Question from Russ White.  Wants Alia to talk about computational complexity.

Alia you have 2 extra labels per IGP destination.  Fast computation is
linear.  More optimal takes more time.

Stewart Bryant - when you say "per-destination" you need to worry
about multi-homed prefixes as well?  Is it 3 per destination.

Alia - yes.  I won't leave that out.

Alia - where do you replicate with multicast.  PLR? (ingress
replication).  Can send along appropriate alternate to MP (which
recognises it by encapsulation) and then can forward based on state of
primary uplink.  Standard issues of ingress replication if you have
lots of MPs.  But simple and doesn't create lots of extra state.  Does
require tunnelling as no multicast tree on path to alternates.  Second
option is to replicate along an alternate tree.  This now creates
state in the network.  The PLR would send upstream back-up joins
unicast to a merge point, intercepted along the way, specify what kind
of alternate it is.  We need to merge the alternate trees for
different PLRs for the same S,G.  Drawback is unnecessary replication
but reduces state etc.  Also can reduce state by merging alternate
trees from the same S regardless of ,G as candidate set of
next-next-hops is the same.

Showing replication on alternate tree.  Problem is have different
alternate trees from different PLRs intercepting the same point.
Showing alternate trees one hop on from the source.  Basic problem is
that when a node gets alternate traffic it may not know which
alternate tree it came from.  If merge trees then that node will send
to output links for all trees.

Stewart question as to how the egress knows which tree is sending it
traffic.

Alia - back to the point that the node looks at its upstream to see if
it is up.  Can discuss offline. Tight for schedule.

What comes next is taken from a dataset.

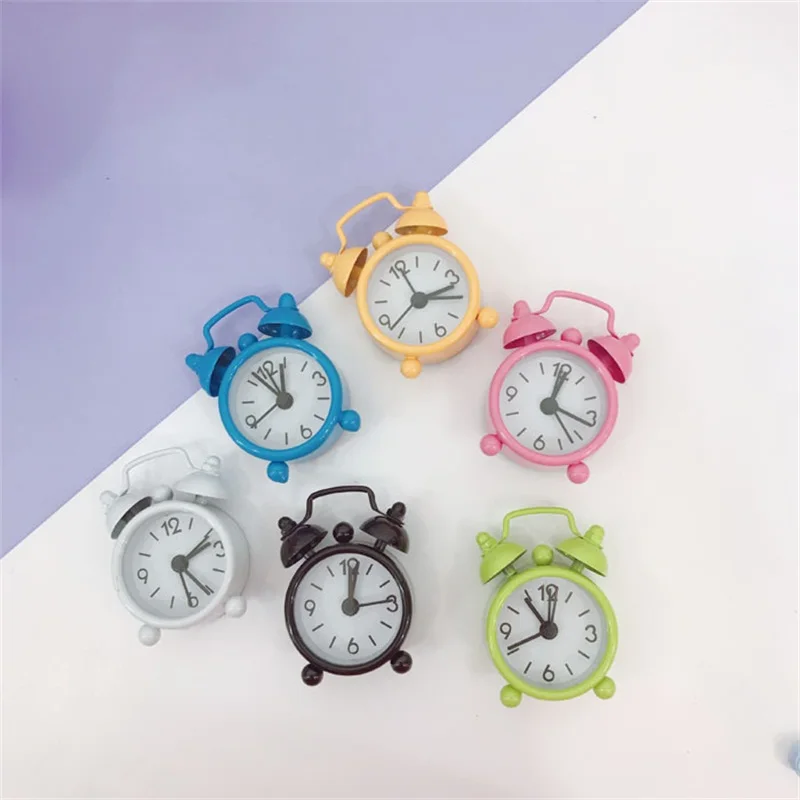 High Quality Smart Loud Alert Digital Snooze Desktop Alarm Clock for Bedside Home Decorative Living Room Student School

Also cases where primary multicast tree and alternate tree can
intercept.  So traffic can come over a link from both a primary link
and an alternate.  So need a way to mark traffic as being on alternate
tree.

Some work in progress - e.g. ABR knowing MRTs per area.  How do we
reduce that state?

Various algorithmic work in progress.  Exact details on e.g. how to
handle broadcast interfaces, unequal link costs, etc.

Gabor - talking algorithm.  showing a way to find the MRTs.  will
assume network is 2-connected as we're short of time.  Basic model is
partial ordering of nodes in the network.  idea is that the root is
the smallest and the largest node.  but partial as can't always say
that one node is greater than another or not.  good thing with the
partial order is we can find redundant trees.  if you have always
increasing and always decreasing then the two paths can only have the
root in common.  If you have 2 trees they must be redundant as long as
you increase on one and decrease on the other.  Also true if you vary
the next hop.  If you have 2 greater neighbours you can use both of
them for ECMP.

So how do we find those?  worked example.

the first path is a cycle from root to root so both directions are ok.

Showing graphs where compute for shortest path.  average paths compared to shortest paths.

As Alia said there are lots of papers.  That's why we're here.  Want
comments to find the correct algorithm.

Next steps - want to continue the work, get feedback on tradeoffs
etc. and then look to become a WG draft (this seems to be a good
starting point for architecture).

comments on list please (no time now)


Dhanahnjaya (OTV)

OTV is L2/L3 virtualisation providing L2 LAN extension for enterprise
sites.  Let's sites have L2 or L3 connectivity.  Efficient multi-point
protocol.  Works over any kind of core (L2, L3, MPLS, etc.)  Also
simple to provision/manage (key for enterprises).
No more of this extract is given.